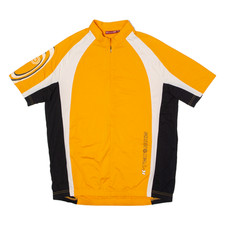 K-TEC BIKE Radtrikot Herren orange 1/4 Zip XL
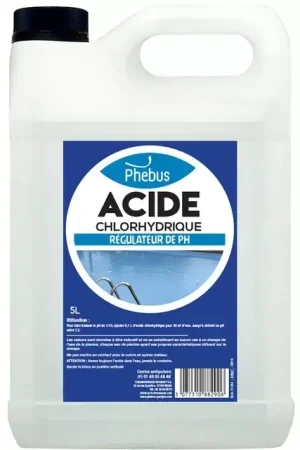 Acide chloridrique bidon de 5l phebus Offre Limitée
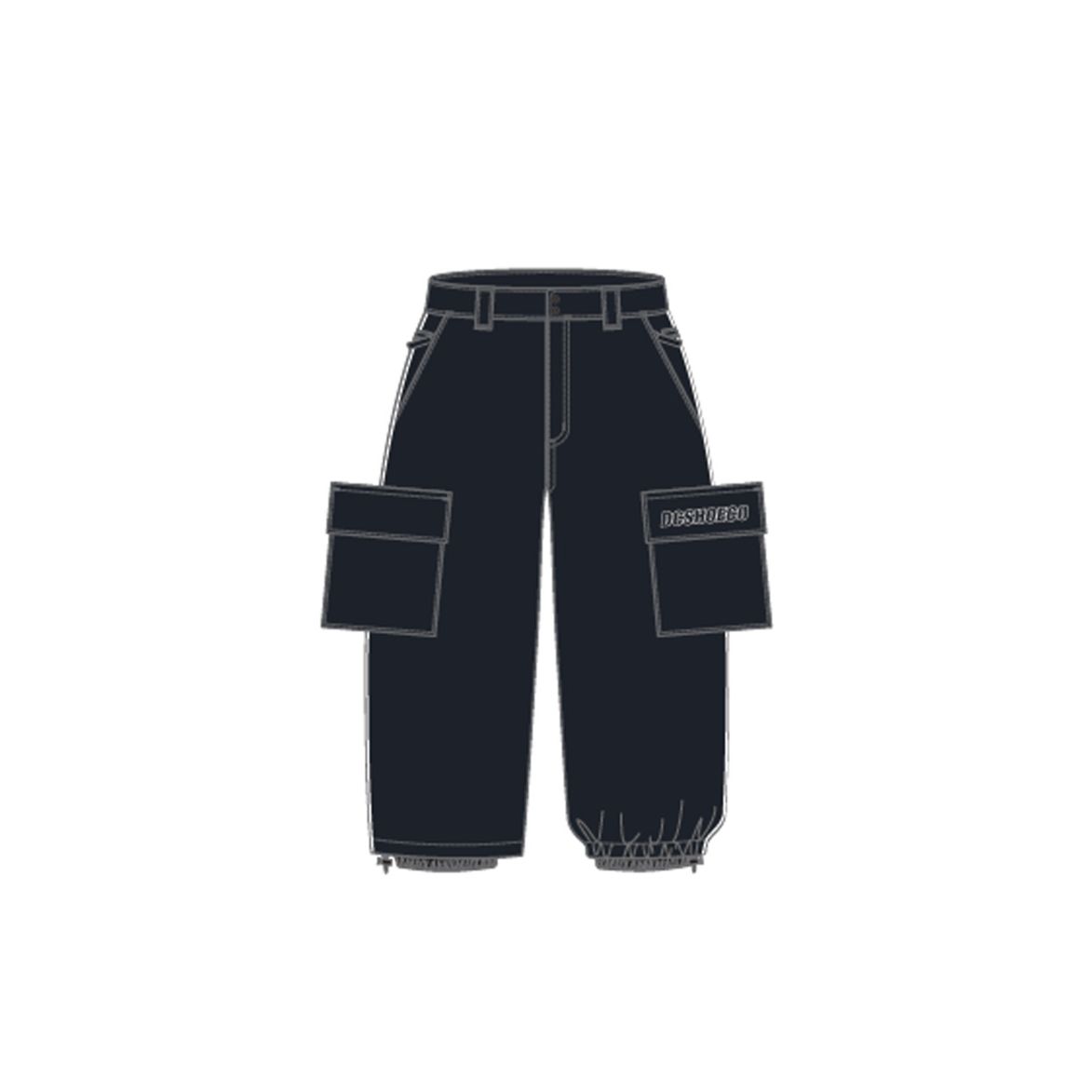 Wide Cargo Pant Black Bild 1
********************
> **Required work**:
Word for word, return the material above, but drop the pictures.

> **Problem solution**:
 K-TEC BIKE Radtrikot Herren orange 1/4 Zip XL
 Acide chloridrique bidon de 5l phebus Offre Limitée
 Wide Cargo Pant Black Bild 1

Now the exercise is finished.